直譯：它不但殺不了你，反倒使你更強壯． 意譯：把吃苦當作吃補．（越挫越勇）。

all of these symbols mean that? what`s with the ":" "," etc. ? 
i think i don`t understand too well


----------



## BODYholic

'，' = comma
'。' = Full stop
'：' = Colon (but was misused here. The writer merely used it as signs to separate/differentiate sentences.)

直譯：它不但殺不了你，反倒使你更強壯．
Direct translation (i.e. word for word) : blah blah ....

意譯：把吃苦當作吃補．
Translation with equivalent meaning : blah blah ....

越挫越勇
He then quoted a Chinese proverb saying which has similar meaning to your statement.

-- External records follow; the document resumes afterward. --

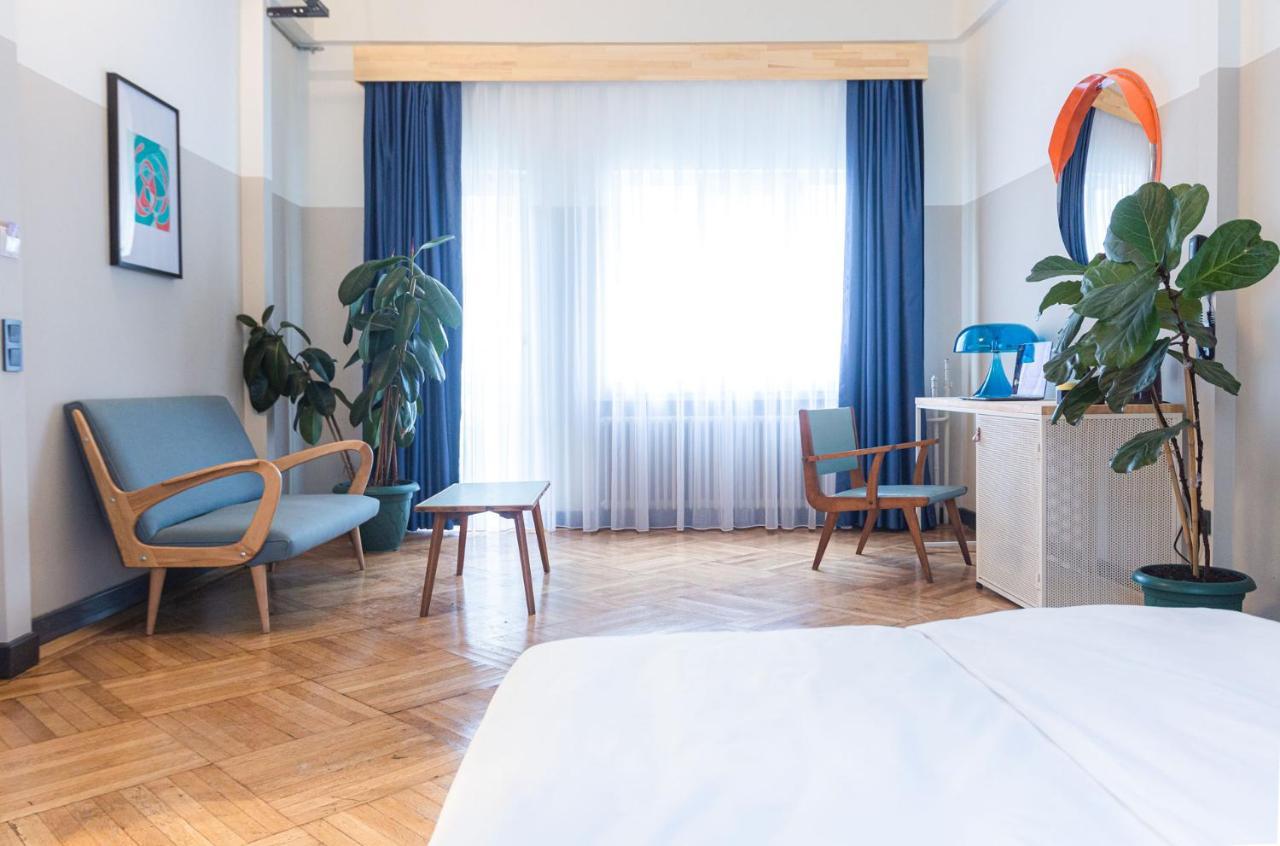 Popstel Hotel Istanboel Buitenkant foto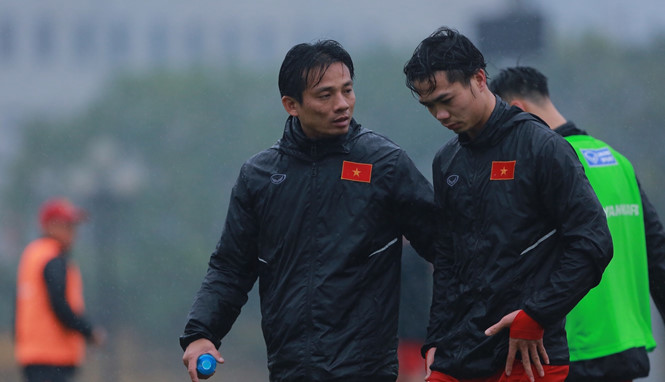 Công Phượng chỉ chấn thương nhẹ, HLV Park Hang-seo thở phào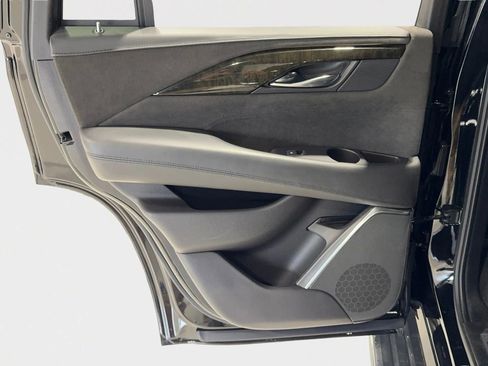 Used 2019 Cadillac Escalade Platinum image 16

If you are getting a tattoo with Chinese characters, I suggest you find a short one. Typically 4 characters and preferably with a good meaning to it.


----------



## soniq2005

well, this is a good meaning for me, it means something and stuff..
so  what`s the meaning of 越挫越勇 ?

thx a lot


----------



## pixEl2lifEx109

It basically means the more you go at it the stronger you become.  It's a proverb for resilience, but I don't know if it's exactly what you intend to say.


----------



## aaron792

How about "大难不死，必有后福"？


----------



## avlee

Aaron's version is much closer to the original words which inspires me more or less in creating my version - '挫而弥坚'. As thus, Soniq's version is another alternative.


----------



## BODYholic

soniq2005 said:


> well, this is a good meaning for me, it means something and stuff..
> so  what`s the meaning of 越挫越勇 ?
> 
> thx a lot



Firstly, I would like to retract what I mentioned earlier that '越挫越勇' is a Chinese proverb. On second thought, it looks just like a common saying, it may not be a proverb. I am not sure.

Next, the meaning.
1. 越= The more
2. 挫= setback
3. 越= see #1
4. 勇= courage
In English, it may be loosely translated as 'when the going gets tough, the tough gets going.'.


----------



## summerflower

aaron792 said:


> How about "大难不死，必有后福"？


 
I agree with aaron's translation. Cause it's "what doesn't KILL you makes you stronger", not "difficulties make you stronger".


----------



## samanthalee

aaron792 said:


> How about "大难不死，必有后福"？


That's not exactly what the English phrase meant... "大难不死，必有后福" has a meaning of "if you survive miraculously, you probably  aren't meant to be dead yet and you'll have a charmed life afterwards."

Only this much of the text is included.